WHAT IS BEING ASKED. Only the lines from the one containing "Jalan Perimeter Utara Diblokade Warga" through the last line of the data below belong in your answer, copied exactly and without pictures.

MATERIAL SHOWN.
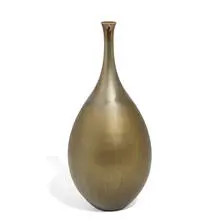 Hideaki Miyamura, tall porcelain vase
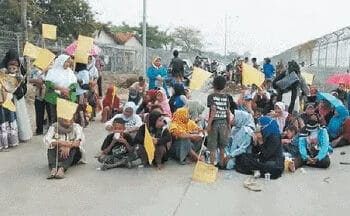 Jalan Perimeter Utara Diblokade Warga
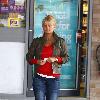 Kerry Katona
 heads back to her car after shopping at Outfit
London, England.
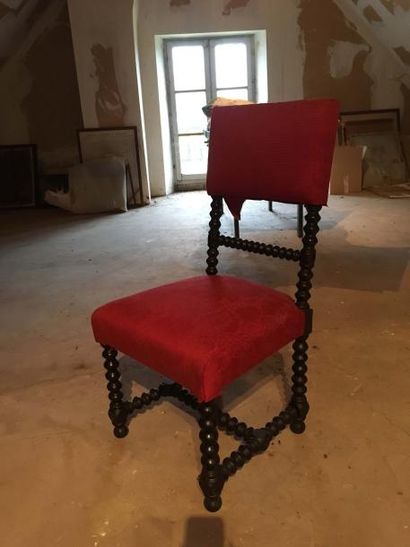 null Petite chaise en bois tourné. Entretoise en H. Style Louis XIII.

ANSWER BOX.
 Jalan Perimeter Utara Diblokade Warga
 Kerry Katona
 heads back to her car after shopping at Outfit
London, England.
 null Petite chaise en bois tourné. Entretoise en H. Style Louis XIII.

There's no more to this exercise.